This article was originally published by Radio Free Europe/Radio Liberty and is reprinted with permission.
A verdict has been issued in the court case of a U.S. Navy veteran arrested in Iran last year on security and other charges, a prosecutor was quoted as saying.
A prosecutor in the northeastern city of Mashhad said on March 11 that Michael White faced unspecified “security charges,” according to the semiofficial IRNA news agency.
The prosecutor, Gholamali Sadeqi, did not say what the ruling contained, but said the case had “both private and public plaintiffs.”

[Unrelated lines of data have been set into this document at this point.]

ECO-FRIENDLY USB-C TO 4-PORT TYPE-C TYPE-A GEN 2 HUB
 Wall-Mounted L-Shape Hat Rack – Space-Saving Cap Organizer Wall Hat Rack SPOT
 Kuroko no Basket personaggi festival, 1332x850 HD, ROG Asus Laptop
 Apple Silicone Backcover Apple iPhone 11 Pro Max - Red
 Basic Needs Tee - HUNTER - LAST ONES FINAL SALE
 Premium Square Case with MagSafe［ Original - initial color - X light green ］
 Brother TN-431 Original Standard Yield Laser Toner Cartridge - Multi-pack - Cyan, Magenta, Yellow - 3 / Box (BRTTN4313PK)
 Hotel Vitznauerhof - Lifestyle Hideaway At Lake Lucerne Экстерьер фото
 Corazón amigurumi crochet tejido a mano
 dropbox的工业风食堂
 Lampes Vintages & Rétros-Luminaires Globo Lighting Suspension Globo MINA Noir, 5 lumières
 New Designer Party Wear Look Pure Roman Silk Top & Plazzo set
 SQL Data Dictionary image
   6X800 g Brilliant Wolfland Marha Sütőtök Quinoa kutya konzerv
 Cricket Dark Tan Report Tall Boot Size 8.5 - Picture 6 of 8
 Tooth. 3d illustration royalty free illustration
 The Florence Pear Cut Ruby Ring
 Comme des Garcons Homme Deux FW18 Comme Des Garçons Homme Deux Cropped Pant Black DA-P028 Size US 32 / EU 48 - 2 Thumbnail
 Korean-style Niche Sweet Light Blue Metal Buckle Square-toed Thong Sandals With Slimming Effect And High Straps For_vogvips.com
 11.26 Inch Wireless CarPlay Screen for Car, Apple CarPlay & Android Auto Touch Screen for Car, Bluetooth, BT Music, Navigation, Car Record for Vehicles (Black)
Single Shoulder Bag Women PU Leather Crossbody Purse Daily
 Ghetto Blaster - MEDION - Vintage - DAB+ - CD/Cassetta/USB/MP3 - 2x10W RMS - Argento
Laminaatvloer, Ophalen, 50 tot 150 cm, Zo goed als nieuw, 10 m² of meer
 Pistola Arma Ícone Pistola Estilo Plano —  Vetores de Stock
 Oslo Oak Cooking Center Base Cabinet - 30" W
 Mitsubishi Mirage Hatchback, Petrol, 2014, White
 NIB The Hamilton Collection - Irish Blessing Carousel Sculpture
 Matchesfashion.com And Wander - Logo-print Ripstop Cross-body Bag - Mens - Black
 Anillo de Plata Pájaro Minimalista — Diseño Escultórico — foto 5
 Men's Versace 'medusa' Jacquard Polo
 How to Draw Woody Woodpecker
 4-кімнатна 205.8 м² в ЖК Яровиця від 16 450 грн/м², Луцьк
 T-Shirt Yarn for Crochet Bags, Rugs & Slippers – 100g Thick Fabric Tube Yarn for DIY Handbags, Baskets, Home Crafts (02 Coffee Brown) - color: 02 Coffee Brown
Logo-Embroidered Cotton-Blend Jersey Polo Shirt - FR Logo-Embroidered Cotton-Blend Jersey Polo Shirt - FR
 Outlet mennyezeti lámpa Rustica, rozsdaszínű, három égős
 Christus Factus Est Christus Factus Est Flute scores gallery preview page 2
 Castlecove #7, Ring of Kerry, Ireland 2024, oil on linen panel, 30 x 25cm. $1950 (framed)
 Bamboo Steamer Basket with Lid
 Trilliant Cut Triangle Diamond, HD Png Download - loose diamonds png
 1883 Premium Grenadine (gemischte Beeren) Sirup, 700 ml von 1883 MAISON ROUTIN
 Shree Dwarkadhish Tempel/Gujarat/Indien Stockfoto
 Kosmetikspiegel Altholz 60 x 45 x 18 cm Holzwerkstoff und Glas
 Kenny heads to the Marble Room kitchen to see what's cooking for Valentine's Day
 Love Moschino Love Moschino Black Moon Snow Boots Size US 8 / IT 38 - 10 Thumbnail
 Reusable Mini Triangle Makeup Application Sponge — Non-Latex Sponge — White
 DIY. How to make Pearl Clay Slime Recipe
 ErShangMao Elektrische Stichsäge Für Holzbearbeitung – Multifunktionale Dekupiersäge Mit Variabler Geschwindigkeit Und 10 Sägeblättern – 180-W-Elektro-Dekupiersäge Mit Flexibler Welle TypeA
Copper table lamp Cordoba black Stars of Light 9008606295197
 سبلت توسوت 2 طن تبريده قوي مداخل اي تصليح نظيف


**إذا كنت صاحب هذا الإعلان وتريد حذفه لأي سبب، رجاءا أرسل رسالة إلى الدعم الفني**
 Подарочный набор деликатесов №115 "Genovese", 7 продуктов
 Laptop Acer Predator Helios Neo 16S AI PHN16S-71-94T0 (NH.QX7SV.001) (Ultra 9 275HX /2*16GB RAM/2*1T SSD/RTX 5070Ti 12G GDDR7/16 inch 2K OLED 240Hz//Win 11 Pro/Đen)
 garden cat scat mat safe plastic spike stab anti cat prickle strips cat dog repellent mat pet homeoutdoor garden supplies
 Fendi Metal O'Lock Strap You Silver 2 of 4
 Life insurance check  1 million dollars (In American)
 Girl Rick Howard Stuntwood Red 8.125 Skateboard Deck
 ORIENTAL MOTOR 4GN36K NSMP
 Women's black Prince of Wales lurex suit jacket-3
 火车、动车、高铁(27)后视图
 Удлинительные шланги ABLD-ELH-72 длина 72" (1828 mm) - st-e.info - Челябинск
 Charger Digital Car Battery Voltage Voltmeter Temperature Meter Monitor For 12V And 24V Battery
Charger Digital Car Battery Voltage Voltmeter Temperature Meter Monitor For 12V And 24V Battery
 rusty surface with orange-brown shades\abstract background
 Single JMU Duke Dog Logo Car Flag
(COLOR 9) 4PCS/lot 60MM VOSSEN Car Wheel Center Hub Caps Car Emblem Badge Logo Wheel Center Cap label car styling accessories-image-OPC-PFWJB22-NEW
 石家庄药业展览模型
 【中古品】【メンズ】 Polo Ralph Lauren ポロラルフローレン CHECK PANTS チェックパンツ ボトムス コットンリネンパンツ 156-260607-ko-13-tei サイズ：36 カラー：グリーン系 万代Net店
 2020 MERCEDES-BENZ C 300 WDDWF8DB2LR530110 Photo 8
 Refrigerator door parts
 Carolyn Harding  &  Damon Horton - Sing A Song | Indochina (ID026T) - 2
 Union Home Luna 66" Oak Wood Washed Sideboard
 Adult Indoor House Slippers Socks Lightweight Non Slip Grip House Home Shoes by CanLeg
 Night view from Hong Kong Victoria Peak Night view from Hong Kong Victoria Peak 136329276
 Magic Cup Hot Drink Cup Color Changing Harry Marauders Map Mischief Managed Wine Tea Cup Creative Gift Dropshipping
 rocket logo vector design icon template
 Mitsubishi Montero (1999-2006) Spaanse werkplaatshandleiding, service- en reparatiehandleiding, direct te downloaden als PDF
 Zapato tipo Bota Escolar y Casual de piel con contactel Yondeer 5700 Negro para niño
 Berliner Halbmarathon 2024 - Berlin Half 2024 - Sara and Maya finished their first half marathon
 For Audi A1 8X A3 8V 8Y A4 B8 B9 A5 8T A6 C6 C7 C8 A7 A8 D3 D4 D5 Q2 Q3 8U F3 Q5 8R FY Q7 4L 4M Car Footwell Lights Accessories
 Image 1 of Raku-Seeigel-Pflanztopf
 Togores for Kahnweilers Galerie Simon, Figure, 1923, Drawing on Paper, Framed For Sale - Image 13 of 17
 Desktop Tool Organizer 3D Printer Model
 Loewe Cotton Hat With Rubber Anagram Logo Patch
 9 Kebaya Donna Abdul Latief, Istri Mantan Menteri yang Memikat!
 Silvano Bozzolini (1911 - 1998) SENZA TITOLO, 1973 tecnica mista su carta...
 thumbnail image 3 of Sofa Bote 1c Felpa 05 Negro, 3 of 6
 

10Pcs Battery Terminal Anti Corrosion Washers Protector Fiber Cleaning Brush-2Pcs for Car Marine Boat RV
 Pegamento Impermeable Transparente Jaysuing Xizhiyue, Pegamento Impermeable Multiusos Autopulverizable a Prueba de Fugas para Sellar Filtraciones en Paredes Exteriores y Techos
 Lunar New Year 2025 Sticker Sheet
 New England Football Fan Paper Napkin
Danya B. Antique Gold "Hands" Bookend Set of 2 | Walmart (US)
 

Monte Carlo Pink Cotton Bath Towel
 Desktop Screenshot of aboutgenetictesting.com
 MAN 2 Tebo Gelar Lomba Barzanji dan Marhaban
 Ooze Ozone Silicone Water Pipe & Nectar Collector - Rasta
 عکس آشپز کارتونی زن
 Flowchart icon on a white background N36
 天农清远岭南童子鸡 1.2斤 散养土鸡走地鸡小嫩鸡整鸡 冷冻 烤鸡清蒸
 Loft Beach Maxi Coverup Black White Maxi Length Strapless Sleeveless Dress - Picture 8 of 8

Iran declares US Navy veteran guilty of unknown crimes days after the cancer-ravaged captive went on a hunger strike https://t.co/l2jU3UgvAZ
— Daily Mail US (@DailyMail) March 11, 2019
White, 46, has been held since July and is the first known American to have been detained in Iran since Donald Trump became the U.S. president in January 2017.
His mother has said he had traveled to Iran to see an Iranian woman she described as his girlfriend.
At least five other U.S. citizens are being held in Iran, with whom the United States has not had diplomatic relations since 1980.
Ties deteriorated sharply last year when Trump withdrew the United States from the 2015 nuclear deal between Tehran and world powers and began reimposing sanctions on Iranian’s economy that were eased under terms of the accord.
“Michael White, Navy veteran imprisoned in Iran since July, was beaten after his arrest, has no money to hire a lawyer and still does not know what charges — if any — have been filed against him.
A former cancer patient, his health was deteriorating.”